Would you reproduce the whole listing exactly, minus its images?

Provided material:
»»

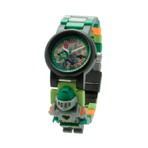 LEGO NEXO KNIGHTS AARON WATCH WITH MINIFIGURE LINK 儿童手表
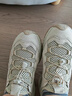 Jeep吉普女鞋2026春夏新款網(wǎng)面透氣老爹鞋女戶(hù)外休閑鞋輕便厚底運動(dòng)鞋 淺灰色（運動(dòng)鞋碼） 38 （尺碼正常） 曬單實(shí)拍圖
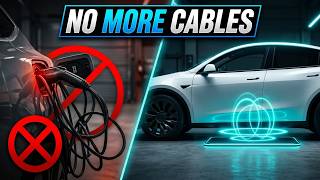 Tesla Wireless Charging: The Future of EV Charging Is Here? ⚡🔋 Tesla Is Reportedly Ready To Roll Out Wireless Charging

««

Final answer:
 LEGO NEXO KNIGHTS AARON WATCH WITH MINIFIGURE LINK 儿童手表
 Jeep吉普女鞋2026春夏新款網(wǎng)面透氣老爹鞋女戶(hù)外休閑鞋輕便厚底運動(dòng)鞋 淺灰色（運動(dòng)鞋碼） 38 （尺碼正常） 曬單實(shí)拍圖
 Tesla Wireless Charging: The Future of EV Charging Is Here? ⚡🔋 Tesla Is Reportedly Ready To Roll Out Wireless Charging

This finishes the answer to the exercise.